The town of Barrow-in-Furness, for example, had a highly negative experience when there was no design work for a new submarine for almost 20 years between the Vanguard and Astute projects, and Astute manufacturing did not start until three years after the completion of the last Vanguard. Indeed, as the shipyard’s number of employees dropped from 14,000 to 3,000, the town went into a major decline, although some were able to find work at the neighbouring Sellafield nuclear installation. This resulted in more people living on social security payments and increased drug use. Male unemployment in the constituency was 7.3% in 1998. In 2001, data showed that there were almost half as many economically inactive males in Barrow-in-Furness as those measured as economically active.
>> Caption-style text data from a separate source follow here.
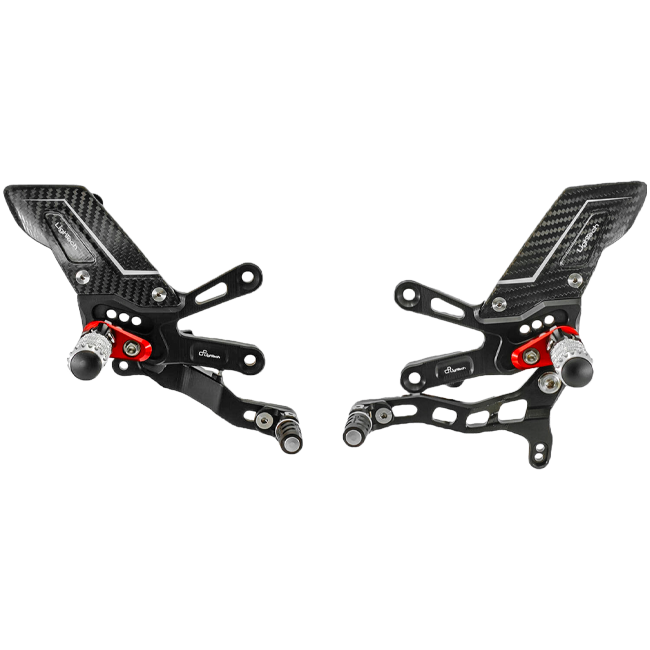 Sistem Footrest R Lighteech Reversal Switching Aprilia RSV4/RF/RR/1100 Factory (17-25) FTRAP006R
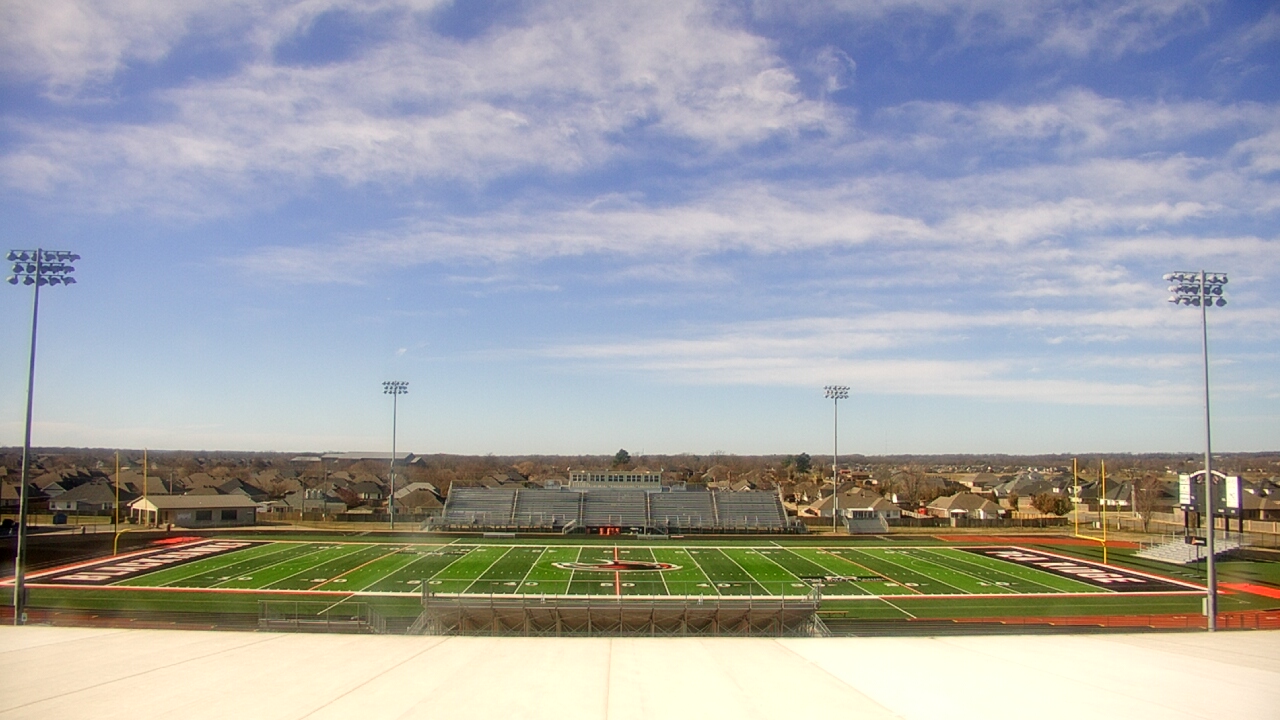 Thumbnail for current weather camera view from Pea Ridge HS in Pea Ridge, Arkansas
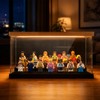 LED Minifigure Display Case, Clear Acrylic Mini Figurines Display Case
Poor educational standards became a feature, with almost 50% of the adult population having no formal qualifications and another 20% with only Level 1 qualifications. Almost 2,000 people had never worked or were long-term unemployed. A significant question that merits future research (but may prove tricky in terms of data access) is to what degree running down the shipyard contributed to the region becoming less a contributor to government tax revenues and instead a greater burden on social security spending.
In terms of industrial capability, defence suffered as the restoration of submarine building proved a protracted, difficult and expensive process. According to John Schank and others, “submarine design and build skills atrophied in the United Kingdom, resulting in a costlier and lengthier Astute procurement effort”.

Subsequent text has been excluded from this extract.